**Activity**
Using the listing below, set down exactly the lines from the one that contains "Sticker Rond Le colibri de la côte" through the one that contains "Xanthorrhoea glauca subsp.", with no pictures.

**Provided records**
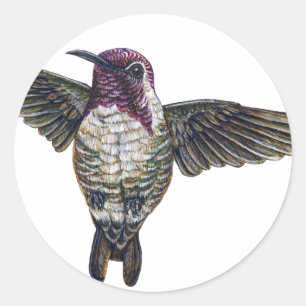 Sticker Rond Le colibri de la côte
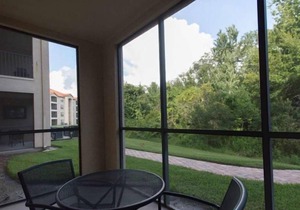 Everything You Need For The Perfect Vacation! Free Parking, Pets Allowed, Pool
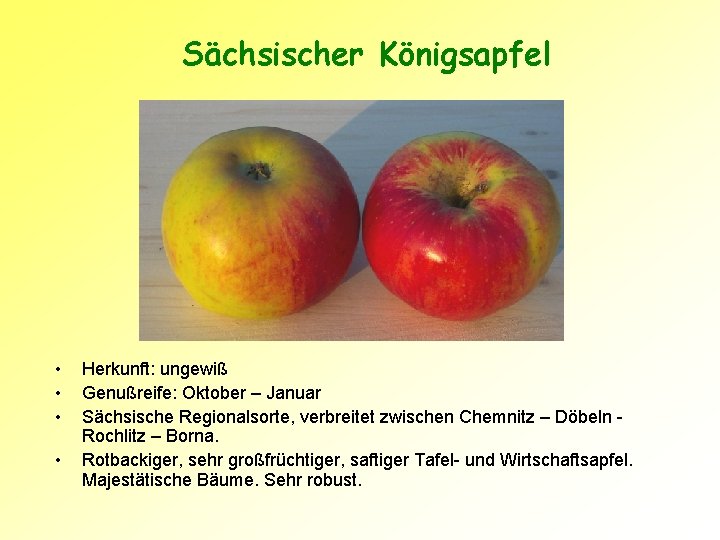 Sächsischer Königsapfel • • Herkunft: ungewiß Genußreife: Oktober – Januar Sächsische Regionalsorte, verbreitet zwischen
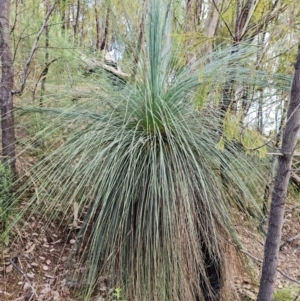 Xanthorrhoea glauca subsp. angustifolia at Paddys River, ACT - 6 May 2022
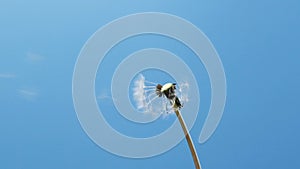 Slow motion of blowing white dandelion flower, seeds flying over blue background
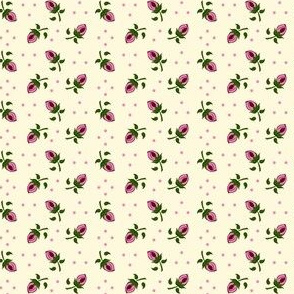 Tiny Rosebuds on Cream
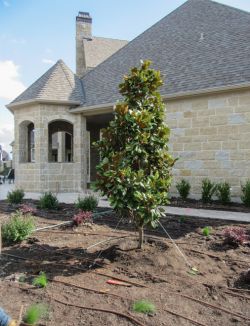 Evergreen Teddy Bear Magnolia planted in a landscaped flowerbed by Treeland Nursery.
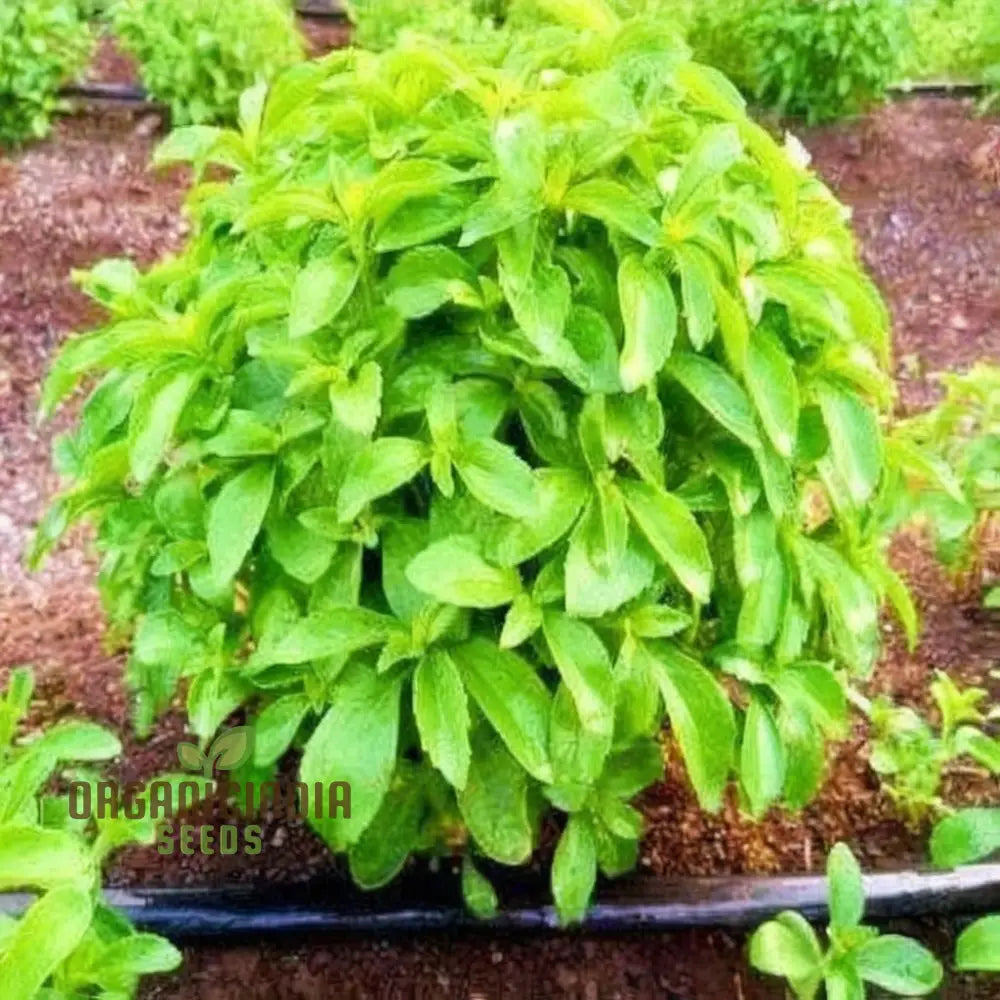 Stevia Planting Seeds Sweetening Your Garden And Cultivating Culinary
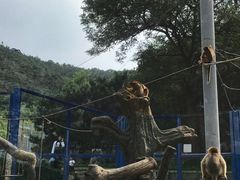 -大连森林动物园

...

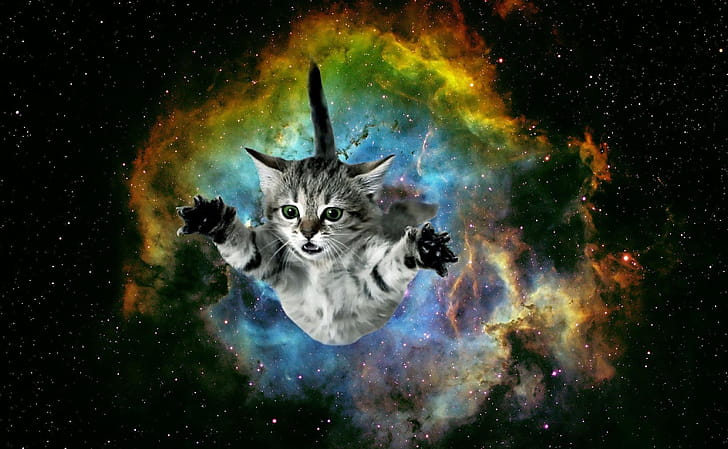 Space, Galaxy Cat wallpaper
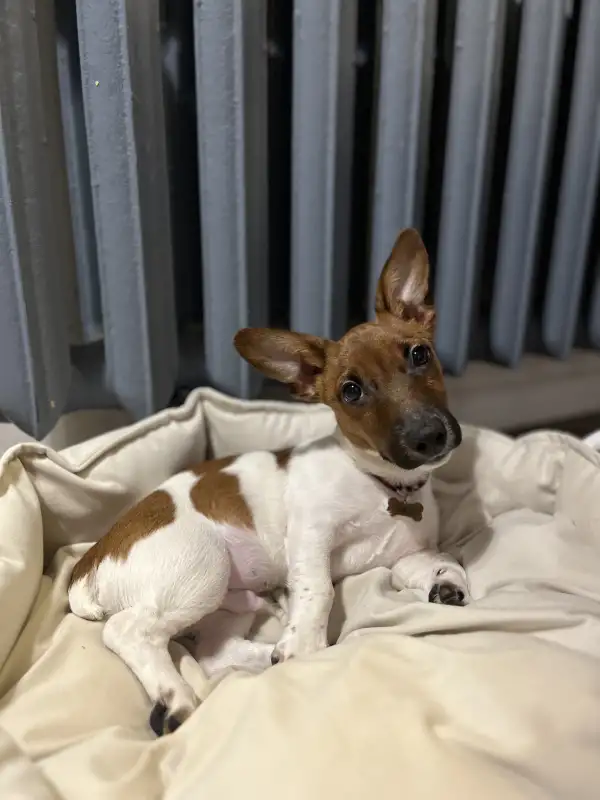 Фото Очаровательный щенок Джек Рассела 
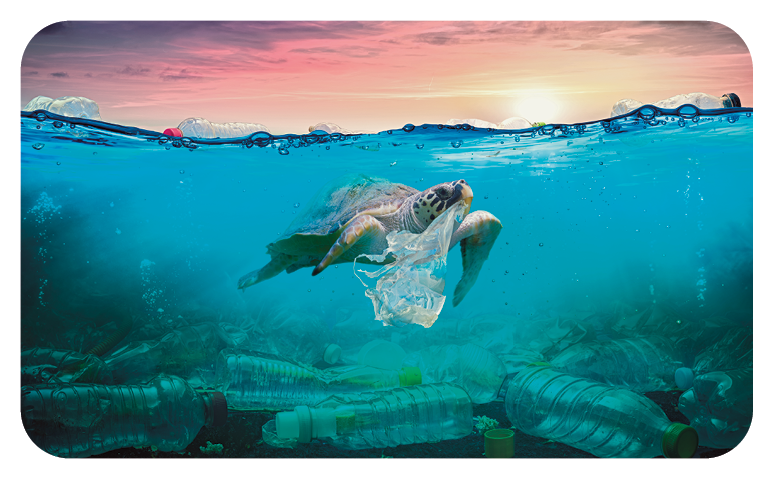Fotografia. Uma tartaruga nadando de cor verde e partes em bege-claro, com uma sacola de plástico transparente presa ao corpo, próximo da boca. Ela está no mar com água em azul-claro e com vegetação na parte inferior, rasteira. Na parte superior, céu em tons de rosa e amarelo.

**Task output**
 Sticker Rond Le colibri de la côte
 Everything You Need For The Perfect Vacation! Free Parking, Pets Allowed, Pool
 Sächsischer Königsapfel • • Herkunft: ungewiß Genußreife: Oktober – Januar Sächsische Regionalsorte, verbreitet zwischen
 Xanthorrhoea glauca subsp. angustifolia at Paddys River, ACT - 6 May 2022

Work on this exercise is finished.